Hello and welcome to the NLP highlights podcast where we talk about interesting recent work in natural language processing.
This is Matt Gardner and Waleed Ammar. We are research scientists at the Allen Institute for Artificial Intelligence.
Okay, today’s paper is Bidirectional Attention Flow for Machine Comprehension by Minjoon Seo, Aniruddha Kembhavi, Ali Farhadi, Hannaneh Hajishirzi. These are folks at the University of Washington and the Allen Institute for Artificial Intelligence, Min was here as an intern when he did this work. This paper focuses on a task that’s become to be known as reading comprehension, which is, the inputs to this task are a passage of text in this case, a Wikipedia paragraph and a question about that passage where the answer is constraints to be a span of text within the passage. And so a model needs to take these two inputs and predict as output a span. This, this paper was evaluated on this dataset called the Stanford question, answering dataset or SQuAD.

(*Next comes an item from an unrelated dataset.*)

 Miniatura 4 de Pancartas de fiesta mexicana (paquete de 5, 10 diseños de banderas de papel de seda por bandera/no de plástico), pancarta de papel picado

And when it was submitted, this paper was originally submitted to archive in November. This was state-of-the-art, it got the best performance on this dataset. An ensemble of these models is still pretty close to the top performance on the SQuAD leaderboard though single model performance has gone down quite a bit. Because this is a really busy area there have been a lot of submissions recently.
So what is the high level overview of the paper?
So at its core, what any technique that wants to answer SQuAD questions needs to do is match words in the question to words in the passage and then find some kind of type information. Like if you see in the question what team you need to find a team in the passage. So an example passage might be about the Superbowl in 2010 and the question might be who won or which team won the Superbowl in
And so previous techniques will often take the question and smash it into a single vector instead of one vector per word in the question and then compute some attention given that question vector over the passage and try to do a matching that way. This paper uses a matrix of attentions essentially computing a similarity between each encoded word in the passage and each encoded word in the question to try to do this matching. And they call it the particular way that they do this bi- directional attention flow. Interestingly, I think this is pretty similar to a method called decomposable attention on the Stanford Natural Language Inference dataset by Ankur Parikh and some others at Google New York where they similarly compute a matrix of attentions and then use that.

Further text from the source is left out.